*SUPPLIED MATERIAL*

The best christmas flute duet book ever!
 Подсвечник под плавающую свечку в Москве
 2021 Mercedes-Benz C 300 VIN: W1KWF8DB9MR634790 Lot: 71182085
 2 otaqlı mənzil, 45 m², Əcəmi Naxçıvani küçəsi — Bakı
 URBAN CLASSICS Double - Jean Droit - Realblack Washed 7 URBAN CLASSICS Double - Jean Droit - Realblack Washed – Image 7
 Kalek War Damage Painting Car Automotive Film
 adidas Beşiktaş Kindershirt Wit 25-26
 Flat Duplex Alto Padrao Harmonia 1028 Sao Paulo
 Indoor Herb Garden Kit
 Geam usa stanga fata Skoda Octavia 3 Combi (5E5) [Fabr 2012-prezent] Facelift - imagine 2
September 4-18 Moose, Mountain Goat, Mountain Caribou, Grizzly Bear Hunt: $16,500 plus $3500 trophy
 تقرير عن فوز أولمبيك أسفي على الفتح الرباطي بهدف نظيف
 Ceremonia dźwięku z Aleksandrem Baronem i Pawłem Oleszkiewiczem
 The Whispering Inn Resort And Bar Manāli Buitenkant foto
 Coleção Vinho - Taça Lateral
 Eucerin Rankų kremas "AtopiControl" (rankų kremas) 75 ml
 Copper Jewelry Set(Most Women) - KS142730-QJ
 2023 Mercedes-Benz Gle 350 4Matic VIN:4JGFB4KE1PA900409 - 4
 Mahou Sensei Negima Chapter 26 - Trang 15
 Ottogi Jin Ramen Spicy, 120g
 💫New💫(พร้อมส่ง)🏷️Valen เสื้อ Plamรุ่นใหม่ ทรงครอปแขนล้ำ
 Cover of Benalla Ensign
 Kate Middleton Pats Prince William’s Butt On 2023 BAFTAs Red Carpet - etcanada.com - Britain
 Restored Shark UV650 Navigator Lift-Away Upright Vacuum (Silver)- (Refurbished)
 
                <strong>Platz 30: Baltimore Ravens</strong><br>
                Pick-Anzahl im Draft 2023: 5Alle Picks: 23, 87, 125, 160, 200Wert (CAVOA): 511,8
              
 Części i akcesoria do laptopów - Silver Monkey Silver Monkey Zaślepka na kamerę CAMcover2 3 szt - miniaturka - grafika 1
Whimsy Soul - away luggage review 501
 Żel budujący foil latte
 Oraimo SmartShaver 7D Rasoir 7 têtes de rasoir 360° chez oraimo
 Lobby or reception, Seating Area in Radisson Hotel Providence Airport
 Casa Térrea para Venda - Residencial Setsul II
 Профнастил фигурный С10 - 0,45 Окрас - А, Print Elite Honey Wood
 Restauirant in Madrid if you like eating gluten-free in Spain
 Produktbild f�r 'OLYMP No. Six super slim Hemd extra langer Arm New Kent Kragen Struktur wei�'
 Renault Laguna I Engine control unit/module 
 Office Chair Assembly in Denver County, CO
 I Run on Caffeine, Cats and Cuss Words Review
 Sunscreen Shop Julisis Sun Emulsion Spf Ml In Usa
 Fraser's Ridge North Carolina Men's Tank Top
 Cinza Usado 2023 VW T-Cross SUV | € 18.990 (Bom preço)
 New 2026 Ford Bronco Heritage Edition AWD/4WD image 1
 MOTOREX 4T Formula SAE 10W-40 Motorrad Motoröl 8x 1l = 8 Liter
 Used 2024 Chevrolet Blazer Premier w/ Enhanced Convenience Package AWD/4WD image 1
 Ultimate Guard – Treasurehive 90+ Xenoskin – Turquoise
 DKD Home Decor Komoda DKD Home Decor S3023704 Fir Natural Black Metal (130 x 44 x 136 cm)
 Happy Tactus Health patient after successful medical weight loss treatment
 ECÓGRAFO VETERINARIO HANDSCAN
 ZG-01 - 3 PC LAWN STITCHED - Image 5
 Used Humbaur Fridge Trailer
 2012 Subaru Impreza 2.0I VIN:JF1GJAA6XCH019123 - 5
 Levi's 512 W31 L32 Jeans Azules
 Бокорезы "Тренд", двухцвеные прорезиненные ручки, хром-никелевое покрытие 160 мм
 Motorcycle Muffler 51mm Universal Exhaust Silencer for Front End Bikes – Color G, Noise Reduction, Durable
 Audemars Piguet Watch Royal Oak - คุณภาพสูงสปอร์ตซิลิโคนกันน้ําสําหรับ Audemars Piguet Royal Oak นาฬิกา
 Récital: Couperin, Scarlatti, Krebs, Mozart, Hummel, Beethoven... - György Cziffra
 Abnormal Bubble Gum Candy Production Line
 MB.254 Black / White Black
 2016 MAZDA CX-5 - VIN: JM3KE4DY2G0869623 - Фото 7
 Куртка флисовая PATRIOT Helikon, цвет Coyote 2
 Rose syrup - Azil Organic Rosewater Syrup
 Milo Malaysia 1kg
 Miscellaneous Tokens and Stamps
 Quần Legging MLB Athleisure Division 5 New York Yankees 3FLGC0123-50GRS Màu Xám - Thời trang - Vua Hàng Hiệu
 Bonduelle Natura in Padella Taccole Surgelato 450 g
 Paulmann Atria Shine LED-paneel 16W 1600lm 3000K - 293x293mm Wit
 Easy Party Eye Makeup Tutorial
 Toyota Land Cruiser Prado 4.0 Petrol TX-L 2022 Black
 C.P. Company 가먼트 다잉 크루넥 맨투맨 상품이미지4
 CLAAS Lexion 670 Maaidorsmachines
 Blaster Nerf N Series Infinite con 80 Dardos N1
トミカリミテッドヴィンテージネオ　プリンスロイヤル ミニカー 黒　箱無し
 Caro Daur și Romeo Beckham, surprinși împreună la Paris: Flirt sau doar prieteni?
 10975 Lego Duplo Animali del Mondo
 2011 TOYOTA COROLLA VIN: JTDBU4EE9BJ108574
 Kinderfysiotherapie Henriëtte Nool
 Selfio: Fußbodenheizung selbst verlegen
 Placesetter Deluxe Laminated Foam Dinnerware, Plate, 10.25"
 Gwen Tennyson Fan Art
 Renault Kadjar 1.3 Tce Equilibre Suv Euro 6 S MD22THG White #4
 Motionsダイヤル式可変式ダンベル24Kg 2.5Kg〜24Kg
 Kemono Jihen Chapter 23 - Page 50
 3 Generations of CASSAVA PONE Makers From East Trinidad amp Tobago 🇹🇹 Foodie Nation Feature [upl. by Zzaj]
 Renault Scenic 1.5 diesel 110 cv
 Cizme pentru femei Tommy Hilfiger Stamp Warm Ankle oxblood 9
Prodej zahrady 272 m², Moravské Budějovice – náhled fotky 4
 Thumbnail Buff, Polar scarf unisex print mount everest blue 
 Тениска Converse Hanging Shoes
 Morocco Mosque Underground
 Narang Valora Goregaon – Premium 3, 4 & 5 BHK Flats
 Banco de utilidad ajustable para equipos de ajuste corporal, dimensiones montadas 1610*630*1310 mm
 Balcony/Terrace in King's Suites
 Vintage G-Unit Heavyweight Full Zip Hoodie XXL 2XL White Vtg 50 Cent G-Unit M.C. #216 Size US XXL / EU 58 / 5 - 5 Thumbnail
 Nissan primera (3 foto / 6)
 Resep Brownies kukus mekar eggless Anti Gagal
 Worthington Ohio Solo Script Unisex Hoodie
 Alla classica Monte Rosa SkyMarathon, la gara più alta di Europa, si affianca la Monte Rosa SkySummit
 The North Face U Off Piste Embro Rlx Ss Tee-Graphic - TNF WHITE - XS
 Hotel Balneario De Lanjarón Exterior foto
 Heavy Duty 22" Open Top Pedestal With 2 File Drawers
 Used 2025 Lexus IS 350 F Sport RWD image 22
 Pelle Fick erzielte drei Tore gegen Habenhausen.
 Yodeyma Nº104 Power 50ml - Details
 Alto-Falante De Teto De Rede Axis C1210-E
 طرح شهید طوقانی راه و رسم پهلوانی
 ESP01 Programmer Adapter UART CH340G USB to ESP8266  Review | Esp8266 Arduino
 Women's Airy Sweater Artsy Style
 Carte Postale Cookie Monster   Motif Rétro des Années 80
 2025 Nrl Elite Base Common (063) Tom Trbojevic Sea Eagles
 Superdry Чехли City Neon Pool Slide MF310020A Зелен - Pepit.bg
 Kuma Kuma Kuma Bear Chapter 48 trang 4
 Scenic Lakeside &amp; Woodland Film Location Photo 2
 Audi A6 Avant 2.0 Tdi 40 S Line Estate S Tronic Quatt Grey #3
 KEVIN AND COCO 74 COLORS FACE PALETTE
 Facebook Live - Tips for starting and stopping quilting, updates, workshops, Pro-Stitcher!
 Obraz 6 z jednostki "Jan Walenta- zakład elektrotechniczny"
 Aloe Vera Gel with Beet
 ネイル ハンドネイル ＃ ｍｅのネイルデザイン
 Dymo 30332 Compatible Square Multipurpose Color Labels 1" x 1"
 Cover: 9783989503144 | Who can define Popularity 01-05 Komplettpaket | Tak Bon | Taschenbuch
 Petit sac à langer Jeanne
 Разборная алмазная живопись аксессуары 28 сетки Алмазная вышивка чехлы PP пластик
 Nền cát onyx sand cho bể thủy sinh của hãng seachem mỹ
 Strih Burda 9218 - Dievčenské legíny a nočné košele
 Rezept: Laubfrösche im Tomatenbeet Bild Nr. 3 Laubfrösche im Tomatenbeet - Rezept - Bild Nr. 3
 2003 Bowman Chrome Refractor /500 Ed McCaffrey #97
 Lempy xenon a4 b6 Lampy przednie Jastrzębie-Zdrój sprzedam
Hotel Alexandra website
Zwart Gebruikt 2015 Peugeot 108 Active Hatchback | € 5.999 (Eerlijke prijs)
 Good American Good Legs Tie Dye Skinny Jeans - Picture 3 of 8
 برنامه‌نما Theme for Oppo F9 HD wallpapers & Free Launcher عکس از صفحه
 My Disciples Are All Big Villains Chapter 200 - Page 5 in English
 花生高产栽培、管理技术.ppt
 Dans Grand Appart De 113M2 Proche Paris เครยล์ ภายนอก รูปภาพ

*WORK REQUIRED*
Read the entries above and find each line holding the word "Scenic". Copy it out.

*ANSWER BOX*
 Renault Scenic 1.5 diesel 110 cv
 Scenic Lakeside &amp; Woodland Film Location Photo 2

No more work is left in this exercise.